This PR adds support for running FFT on GPU using the VkFFT library, with either Vulkan or CUDA backend, as per #1166

To allow easier performance comparisons, I have updated the FFTEngine and FFTFactory class to support multiple simultaneous FFTEngines, so a user can switch between FFTW, Kiss and VkFFT at run-time via a GUI option (Preferences > FFT). Also, different bits of SDRangel can request different FFTEngines. So FFTW could be used generally, but a specific plugin could request VkFFT if it thinks it will benefit from it.

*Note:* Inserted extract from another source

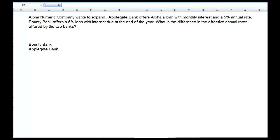In this video we're going to talk about how to calculate an effective annual rate. First we'll work a problem in Excel, then I'll show you the formula. The problem says Alpha Numeric wants to expand. Applegate Bank offers a loan with monthly interest and a 5% annual rate. Bounty Bank offers a 6% loan with interest due at the end of the year. What is the difference in the effective annual rates offered by the two banks?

I have also added a simple profiler, that displays average execution time in a dialog (View > Profile Data...). Profiling is enabled via the cmake -DENABLE_PROFILER=ON option. It is disabled by default, and when disabled, there should be no performance impact as the profiling code is not included in the executable. It can also be used to easily profile other parts of SDRangel - here showing GL spectrum draw time, as well as FFT. To profille some code, you just need to stick the PROFILE_START() and PROFILE_STOP("name") macros around the code.

image

Whether VkFFT uses Vulkan or CUDA is a cmake option, -DVKFFT_BACKEND=0 for Vulkan and -DVKFFT_BACKEND=1 for CUDA. The code should compile without VkFFT if neither the Vulkan or CUDA SDKs are available.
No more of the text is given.